Rampa y réfléchit. « Nonc À mon avis, c’est simplement de l’incompétence. Eh benc »

Il siffla en sourdine.

La cour gravillonnée en face du Manoir était bondée d’automobiles, et ce n’étaient pas des véhicules de religieuses. La Bentley était surclassée. La plupart des voitures portaient GT ou Turbo dans leur nom et des antennes téléphoniques sur le toit. Presque toutes avaient moins d’un an.

Les mains de Rampa lui démangeaient. Aziraphale réparait les vélos et les os brisés ; Rampa, lui, mourait d’envie de rafler des autoradios, de dégonfler des pneus, ce genre de choses. Il résista.

« Tiens, tiens, dit-il. De mon temps, les sœurs voyageaient par quatre en 2 CV.

– Il doit y avoir une erreur.

– Elles ont peut-être été privatisées ?

– Ou tu t’es trompé d’endroit.

– Je te dis que c’est ici.
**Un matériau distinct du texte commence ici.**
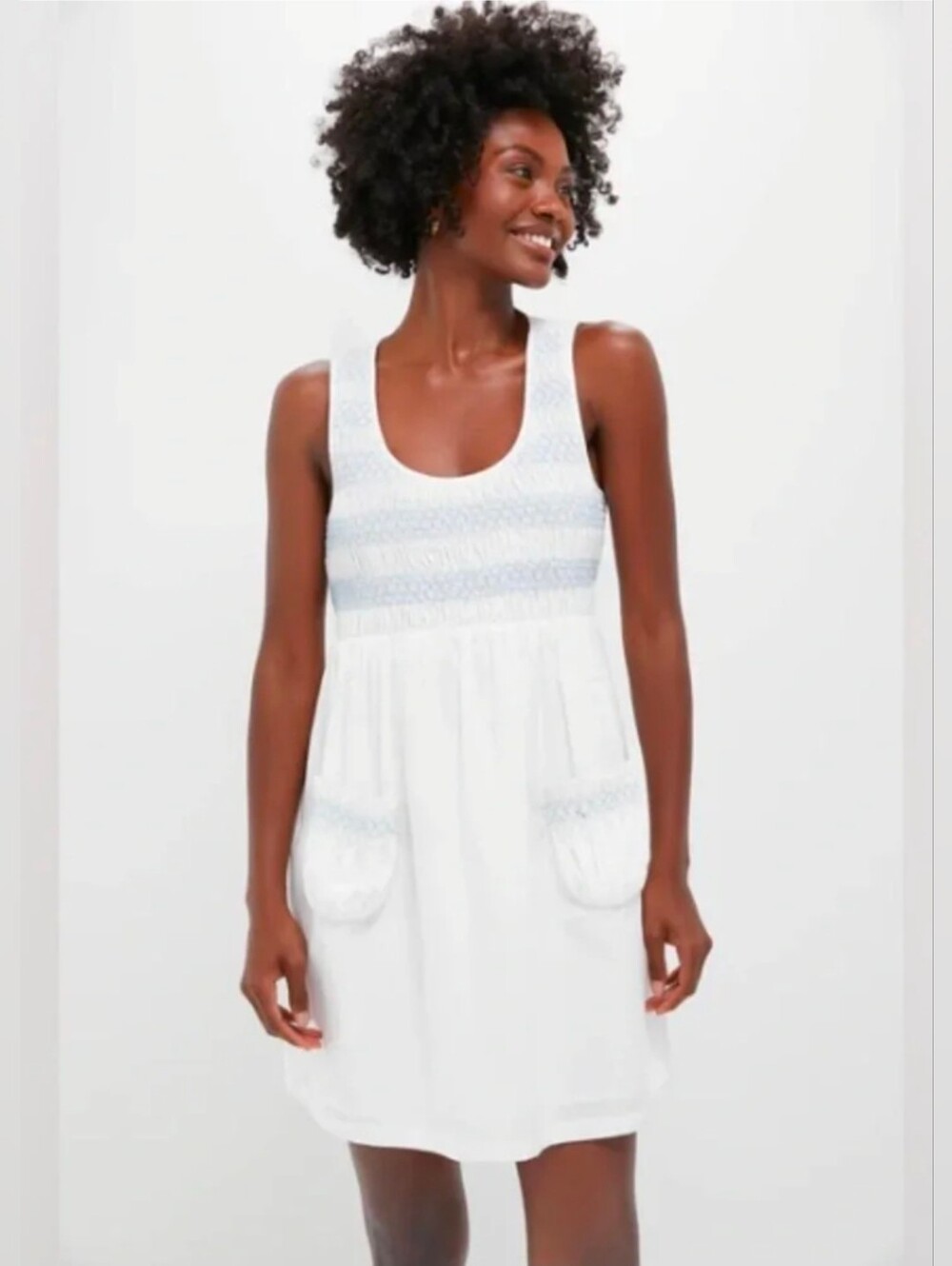 Tuckernuck Susannah White Smocked Mini Dress Embroidered Pockets Sz XXS Coastal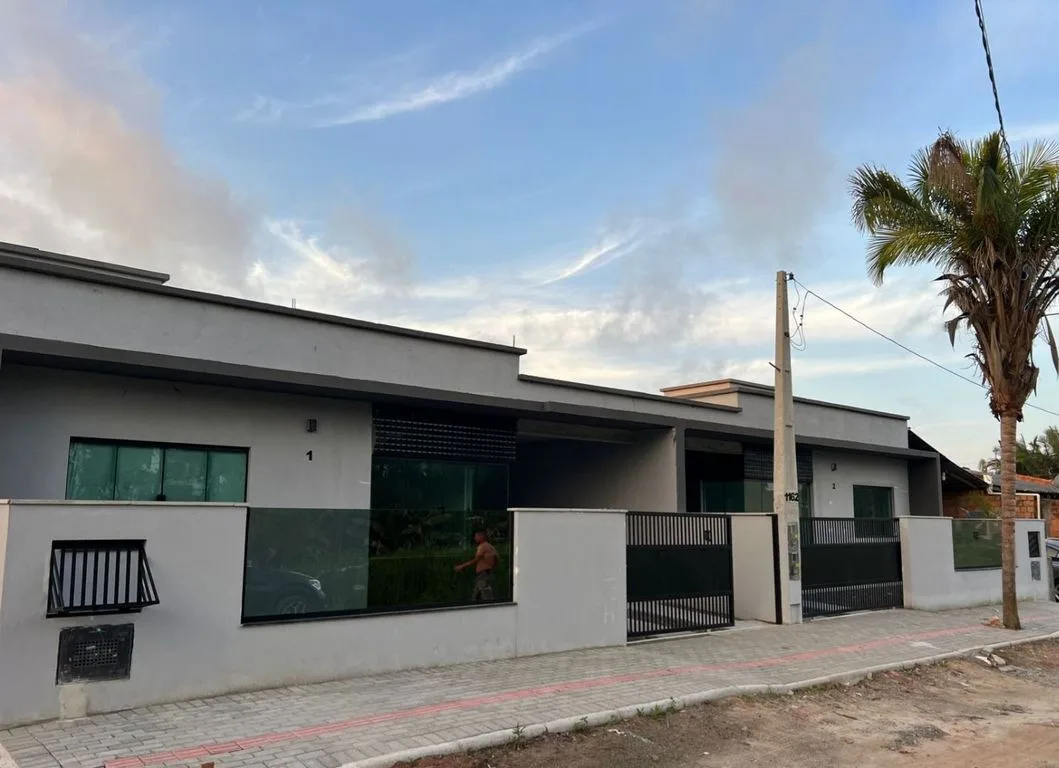 Casa 2 dorm. em Itacolomi, Balneário Piçarras/SC · foto 4 | Família Broker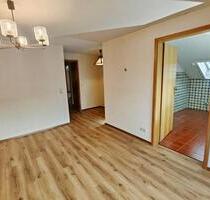 4-Zimmer-DG-Wohnung in Hohenwart *Tageslichtbad *Balkon - Pforzheim Eutingen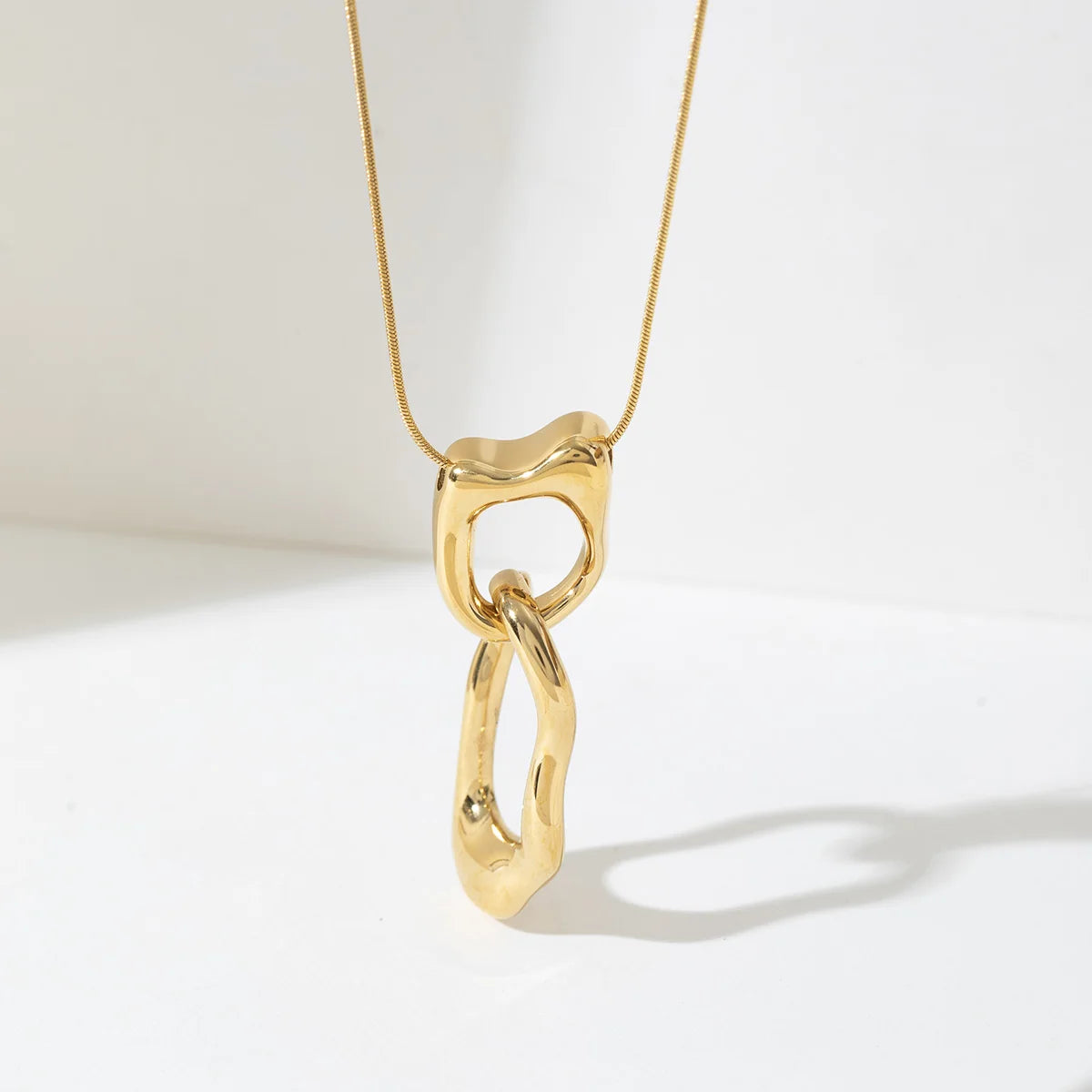 Fashion New Hot Selling Stainless Steel 18k Gold Jewelry Hollow Charm Irregular Oval Two Circle Pendant Necklace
Allez, viens. »

Ils descendirent de voiture. Trente secondes plus tard, quelqu’un leur tirait dessus. Avec une précision confondante.

Si Mary Hodges, anciennement Loquace, avait un don, c’était pour obéir aux ordres. Elle aimait les ordres. Les ordres vous simplifient le monde.

Par contre, elle ne savait pas s’adapter. Elle aimait bien l’Ordre Babillard. Elle s’y était fait ses premières amies. Elle y avait eu sa première chambre à elle. Bien sûr, elle savait qu’il s’occupait d’activités que d’aucuns auraient qualifiées de mauvaises, mais Mary Hodges avait vu pas mal de choses en trente ans et elle ne se faisait aucune illusion sur ce que l’humanité doit faire pour tenir le coup entre deux week-ends. Et puis on y mangeait bien et on y rencontrait des gens passionnants.

L’Ordre – enfin, ce qu’il en restait – avait déménagé après l’incendie. Après tout, la mission unique qui justifiait son existence était remplie. Il s’était dissous.

Elle était restée. Elle aimait bien le Manoir et puis, disait-elle, il fallait bien que quelqu’un supervise les réparations, parce qu’on ne pouvait pas faire confiance aux ouvriers, de nos jours, il fallait être sur leur dos en permanence, enfinc façon de parler. Elle devrait rompre ses vœux, mais la Mère Supérieure l’avait rassurée : pas de problèmes, aucun souci à se faire, renoncer à ses vœux était très bien vu dans un ordre satanique, et puis dans un siècle, personne n’y trouverait plus rien à redire, ou dans onze ans d’ailleurs, alors si ça pouvait lui faire plaisir, voilà les titres de propriété, une adresse pour faire suivre le courrier, les grandes enveloppes marron avec une fenêtre sur le devant par exemple.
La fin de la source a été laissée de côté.